Quote the whole listing word for word. Do not include the pictures.

- DATASET EXCERPT -
————————
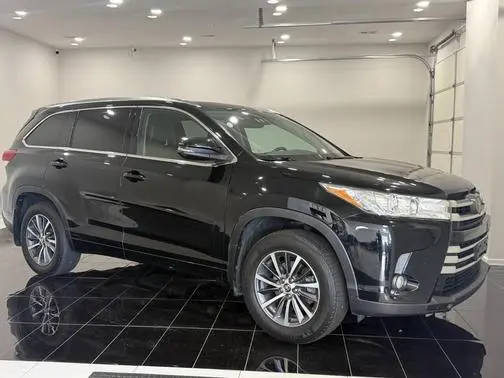 2018 Toyota Highlander XLE AWD photo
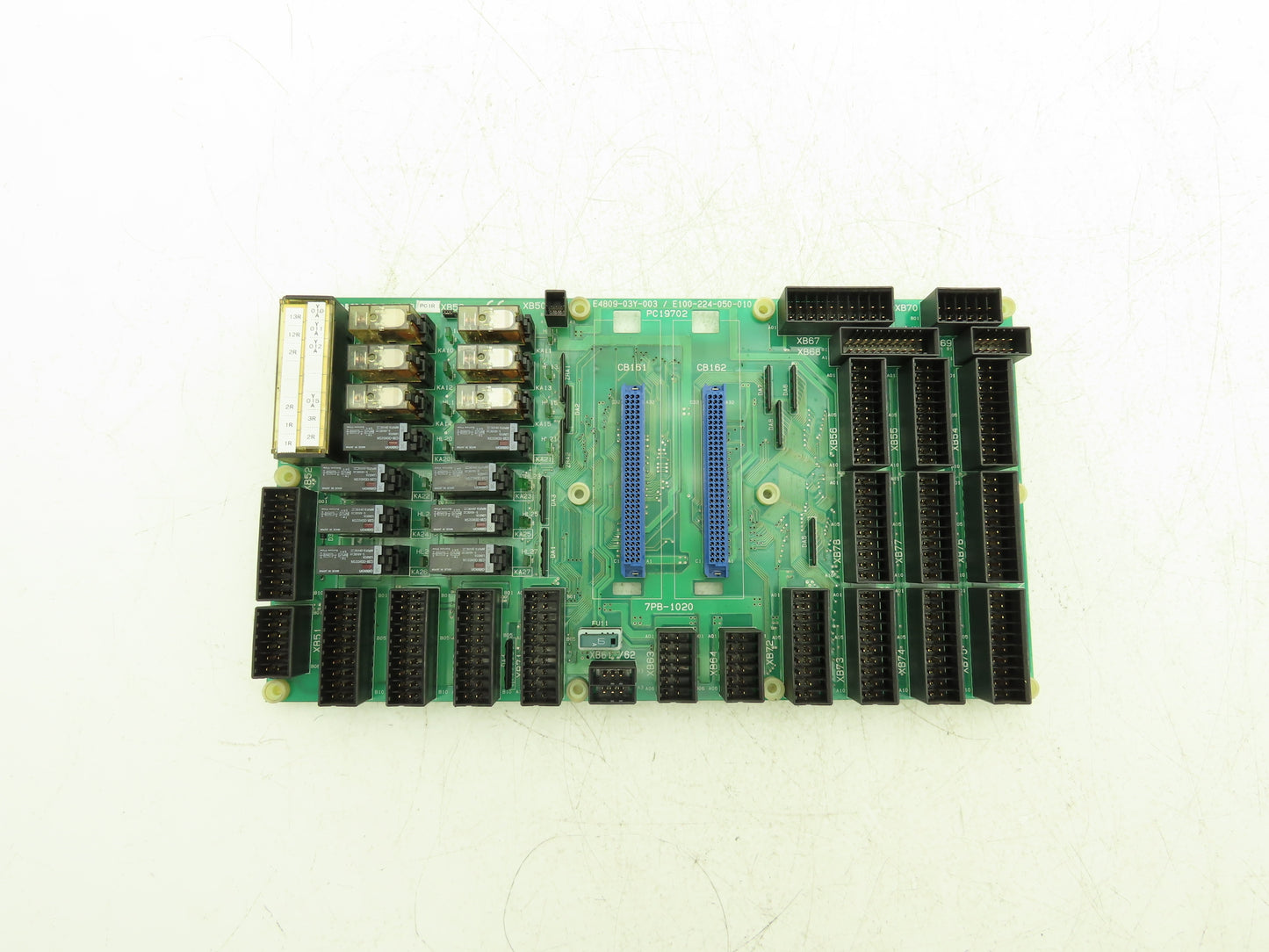 Okuma PC19702 7PB-1020 I/O Controller Relay Junction Printed Circuit Board PCB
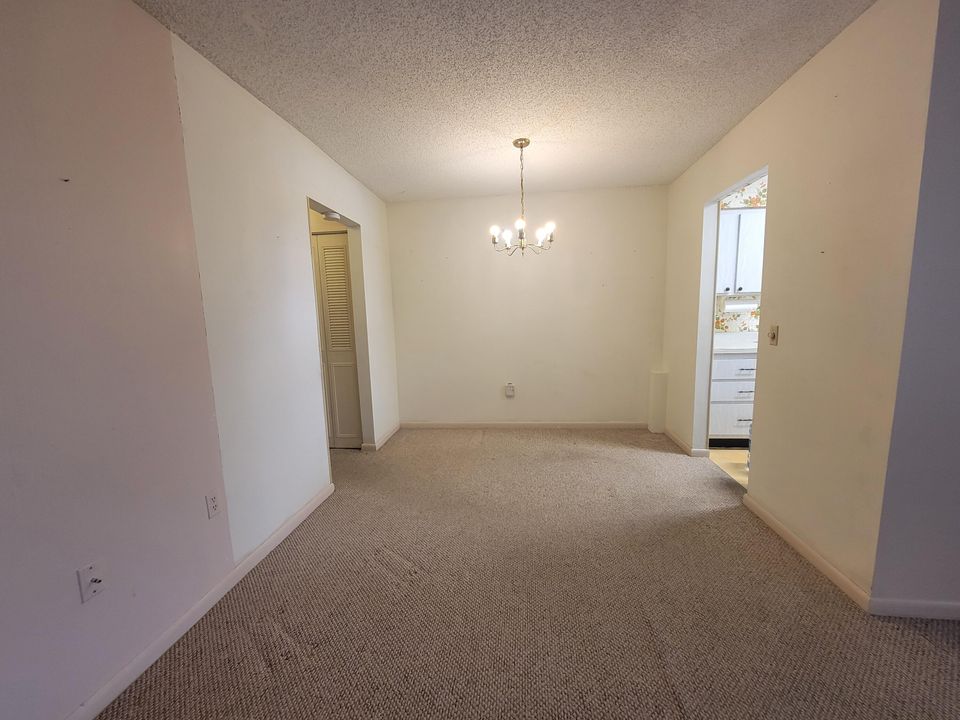 For Sale: $99,900 (1 beds, 1 baths, 726 Square Feet)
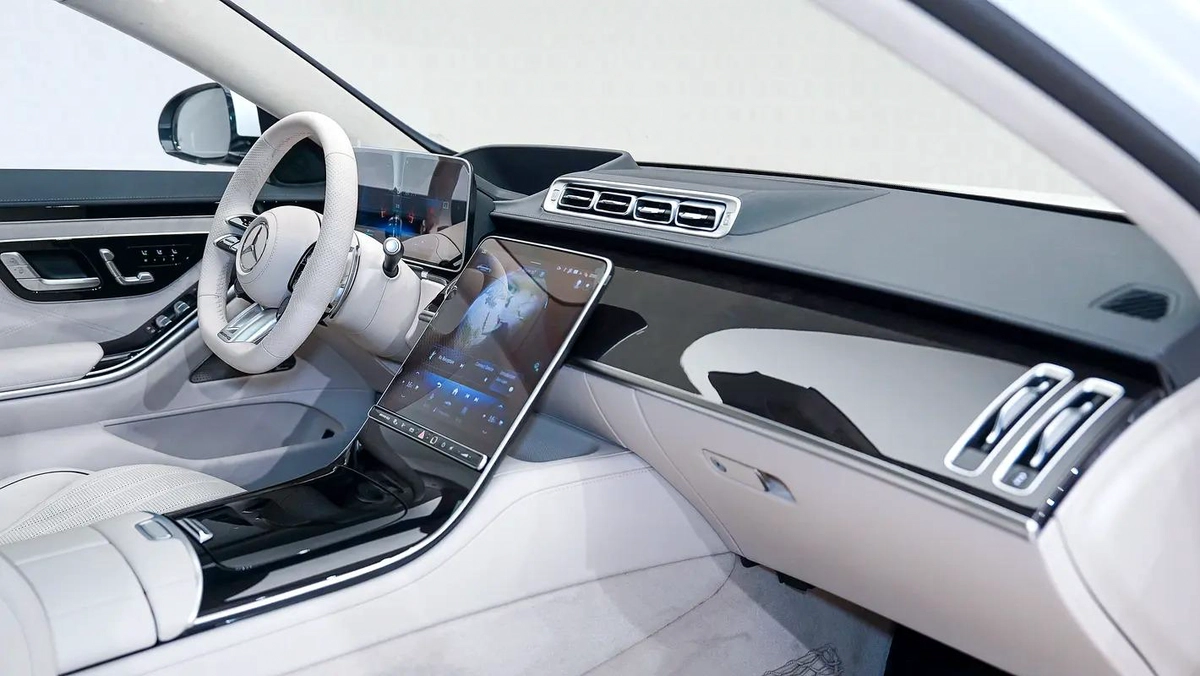 UAEs Very Best Example | 2 Years Free Servicing | AED 10,330 Per Month-9-9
————————
- PROBLEM SOLUTION -
 2018 Toyota Highlander XLE AWD photo
 Okuma PC19702 7PB-1020 I/O Controller Relay Junction Printed Circuit Board PCB
 For Sale: $99,900 (1 beds, 1 baths, 726 Square Feet)
 UAEs Very Best Example | 2 Years Free Servicing | AED 10,330 Per Month-9-9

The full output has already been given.